- _Your instructions_: Pictures are not repeated. Every line from the beginning of the entries through the one with "giá 7,5 tỷ Bán" is restated exactly.

- _Records supplied_:
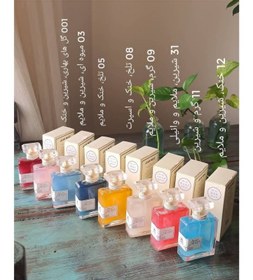 تصویر عطر و بادی اسپلش شاین جین میس JEAN MISS Perfume | فروش عمده 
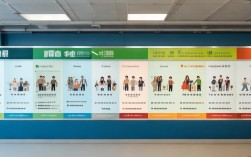 江苏社保类型有哪些?不同类型社保适用人群和区别是什么?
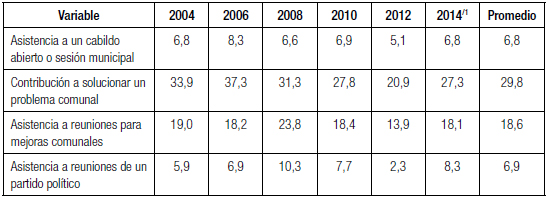 Costa Rica: Involucramiento de los ciudadanos
en la búsqueda de soluciones, 2004-2014 (en porcentaje)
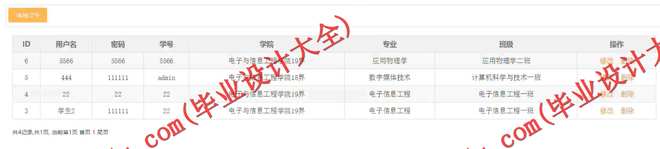 1033基于SSH的阿里云毕业设计项目管理系统的设计与实现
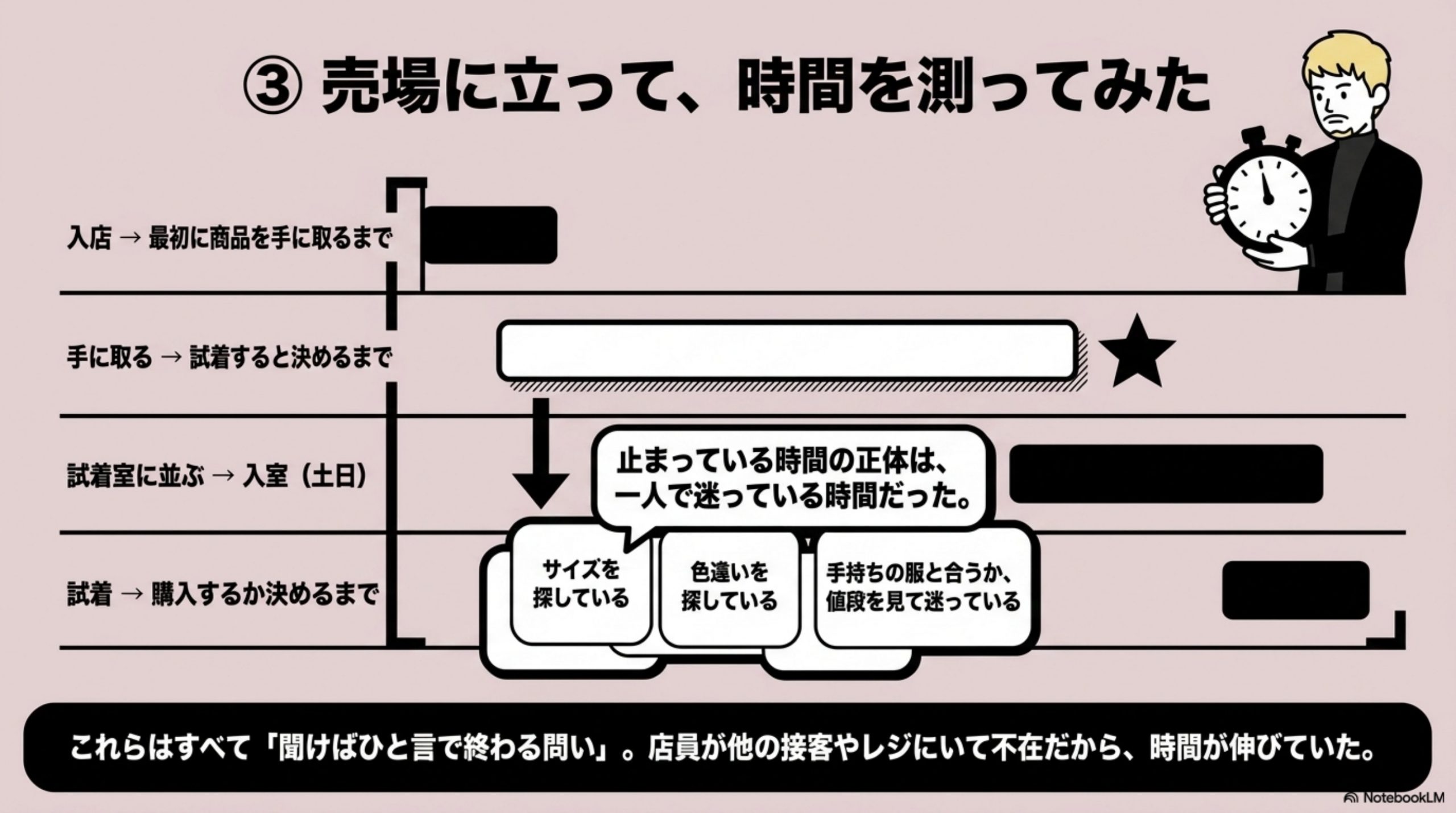 売場に立って、時間を測ってみた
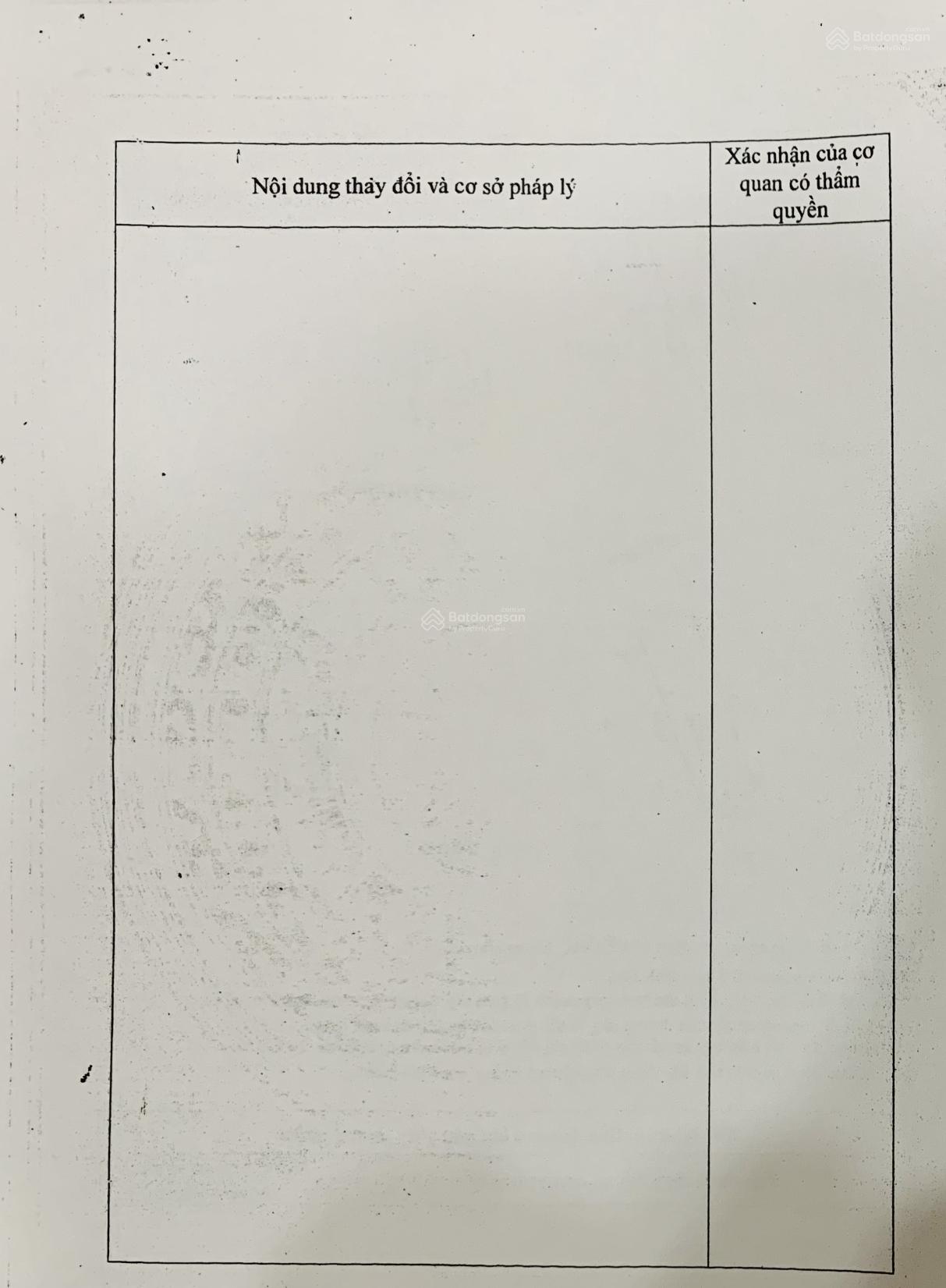 Bán nhà HXH Ni Sư Huỳnh Liên, Phường 10 - 4,1*17m - giá 7,5 tỷ Bán nhà HXH Ni Sư Huỳnh Liên, Phường 10 - 4,1*17m - giá 7,5 tỷ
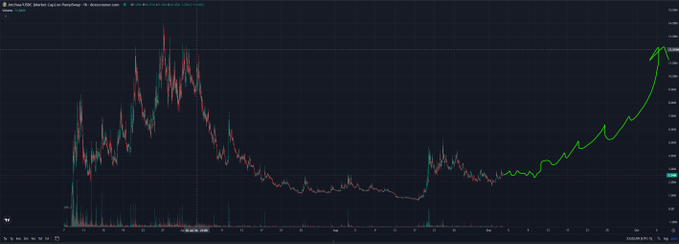 A candlestick chart of "$Dots/USDT (Market Cap in the Pine Ship)" on TradingView, showing a long-term price decline followed by a green hand-drawn curve emphasizing a series of higher lows and a recent sharp breakout rally, visually supporting the post's bullish thesis on $Jotchua ("the cute lil dogo").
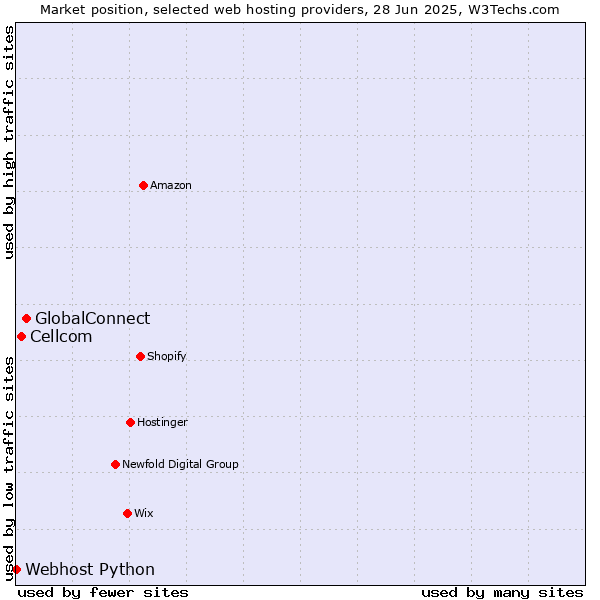 Market position of GlobalConnect vs. Cellcom vs. Webhost Python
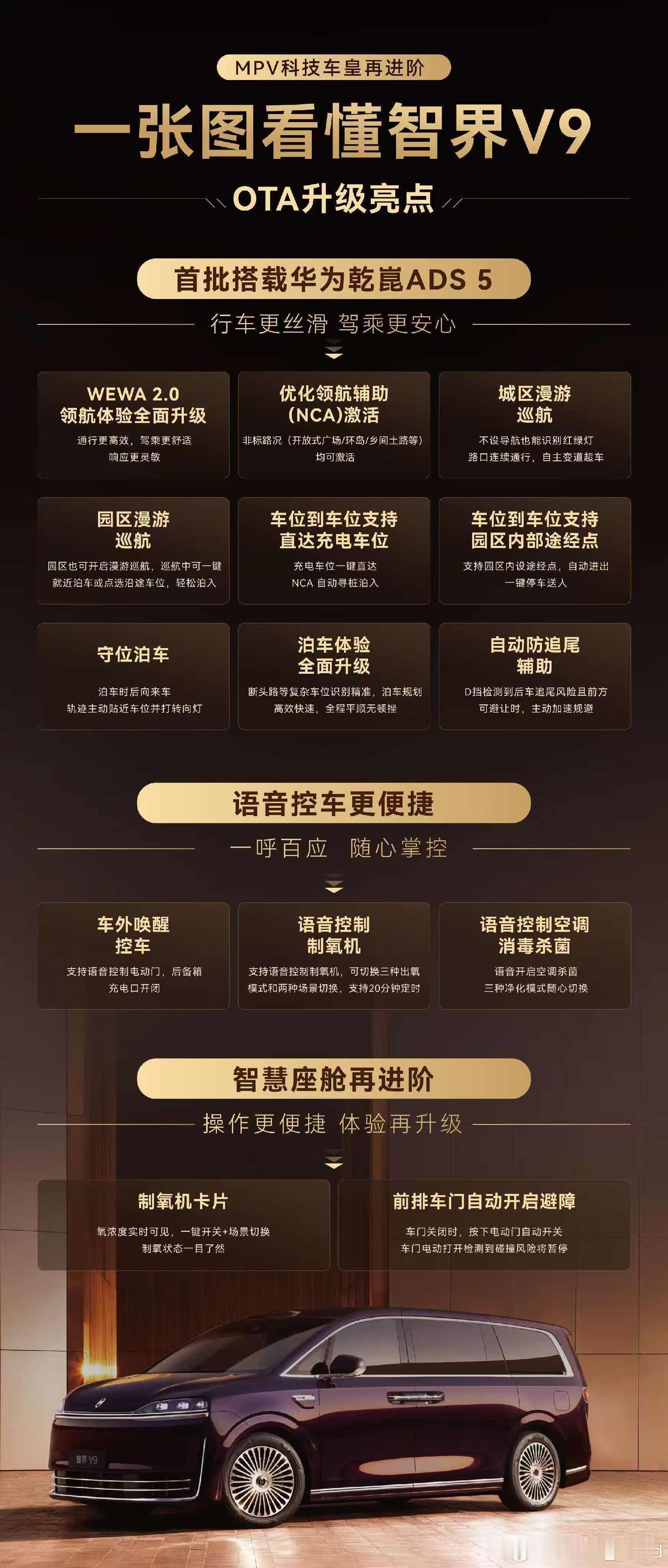 智界V9首批上车ADS5 近日，智界全系迎来暑期OTA升级，智界V9首批上车华为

- _Expected answer_:
 تصویر عطر و بادی اسپلش شاین جین میس JEAN MISS Perfume | فروش عمده 
 江苏社保类型有哪些?不同类型社保适用人群和区别是什么?
 Costa Rica: Involucramiento de los ciudadanos
en la búsqueda de soluciones, 2004-2014 (en porcentaje)
 1033基于SSH的阿里云毕业设计项目管理系统的设计与实现
 売場に立って、時間を測ってみた
 Bán nhà HXH Ni Sư Huỳnh Liên, Phường 10 - 4,1*17m - giá 7,5 tỷ Bán nhà HXH Ni Sư Huỳnh Liên, Phường 10 - 4,1*17m - giá 7,5 tỷ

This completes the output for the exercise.